私はカスミを食って生きていける

  私は今回の断食では“ある心構え”を二つ持って臨むことにしていた。そのひとつは自分の肉体は「本当の自分」ではない。自分の肉体は道具にすぎない。だから、その道具である肉体がどうなろうと「本当の自分」は死なない、という突き放した心構えである。


 自分の肉体は「本当の自分」ではない、とは突き詰めて考えれば当たり前のことであるが、日常の生活ではついつい自分の肉体を自分だと錯覚して暮らしている。この錯覚から抜け出すには断食は絶好の機会である。食を断つことによって肉体は悲鳴を上げる。しかし、ここで肉体のことは肉体にまかせるのだ。なんせ、この肉体は地球上に生命が誕生して以来35億年間、脈々と受け継いできた遺伝子を持っている。そう簡単にくたばるわけがない。もともと、しぶとくしなやかで、かつ、たくましく、そして精妙にできているのだ。自分の意識から肉体のことを手離して、あっけらかんと肉体のことは肉体にまかせ切る勇気をためそうと思ったわけだ。


 結果はこれが大正解!断食の期間中、飛び跳ねたいほど調子が良かった。二週間、食を断ってもまったく不安を感じるどころか、脳内麻薬物質が分泌されたせいだろうか、永久に断食できるのではないかとさえ思ったほどだ。「よぉ〜し!仙人になれるゾ」……ワシはこう思ったよ。


 そのまま断食しておれば、皮膚にメラニン色素ではなく、葉緑素が沈着し、そのうち光合成を始めるかも知れないと思った(そのくらい生命はしぶとく進化し、生き残ろうとするものだからだ)。あと何年かすると私の身体は緑色になっているかも知れない。人類進化の果ては緑色人種だ。二酸化炭素を取り込んで酸素を吐き出せば地球温暖化防止にひと役買えるしな。自分で播いた種は自分で刈り取るという合理的な解決法でもある(アハハハ)。
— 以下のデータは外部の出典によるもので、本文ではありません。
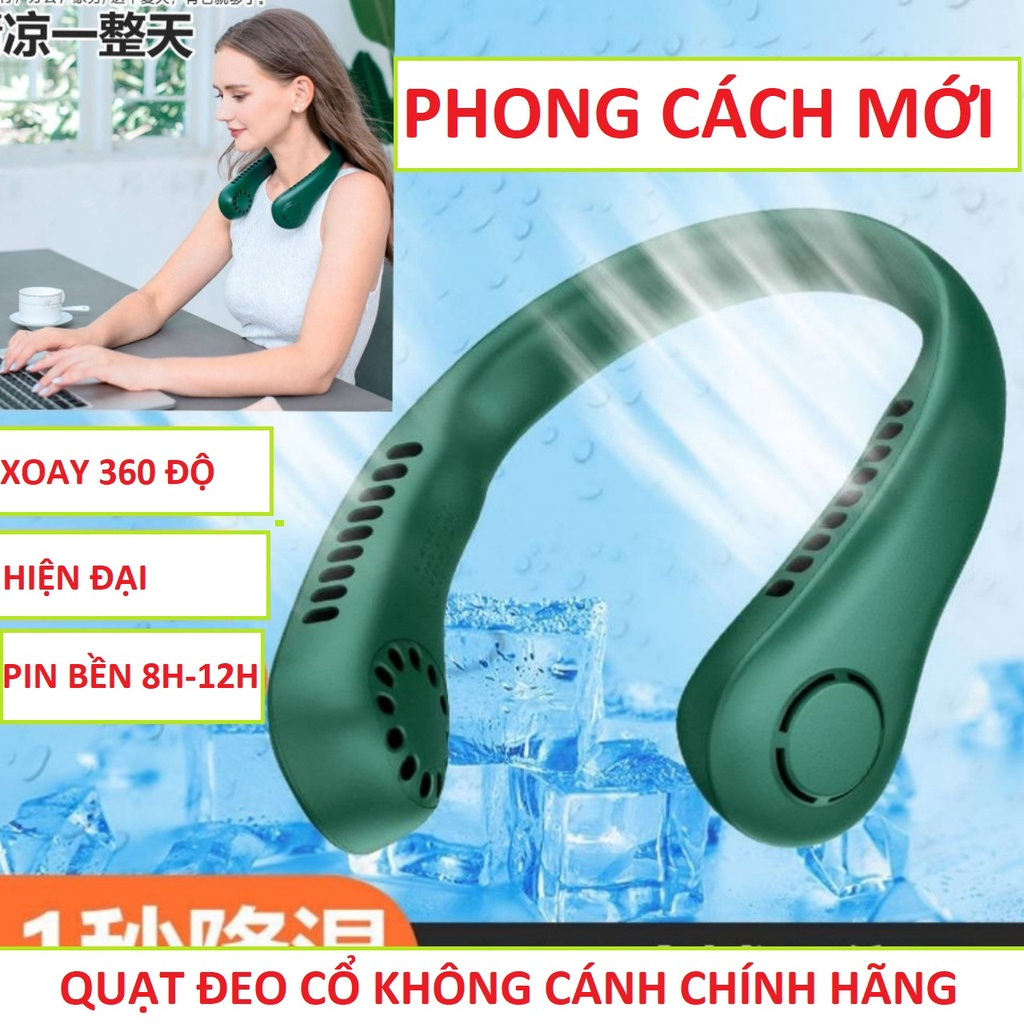 Quạt đeo cổ mini, quạt không cánh tích điện tiện lợi, thời trang, dáng thể thao siêu phẩm mùa hè 2023 A18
 それともうひとつの心構えが、「毎日のささやかなことを丁寧にやる」ということだ。毎日、掃除・洗濯を欠かさずやり、日記も克明につけた。日干しした洗濯物を取り込んでしわを伸ばし、丁寧に折り畳む気分は何とも言えずすがすがしい(これで集中力と気力が湧いてくるから不思議だ。家事をまじめにやる女性が長生きするはずだ)。私にとって、これが何よりの非日常体験であった。


 私は縦のものを横にもしない何もかもカミさんまかせのズボラ人間だった。それを自慢にさえしていた。そんな私はアホでした。しかし、危機的状況を生き延びた人たちに共通するのは「毎日のささやかなことを丁寧にやる」という習慣である(アウシュビッツのような絶望的状況でも生き延びた人は、割れたガラスを使ってでも毎日欠かさずヒゲを剃っていたという)。ズボラは自慢にならない。


 以上二つの心構えを持つことの経験をとおして私はまた一歩、仙人の域に近づいた。これでたとえ冤罪で刑務所へぶち込まれたとしても私は平気だ(ただし、私は協調性がないので相部屋ではなく、ぜひ独房にして欲しいが……)。断食道場を出所したときは本当に禁錮30日の刑を務め終わって出てきたような気分であった。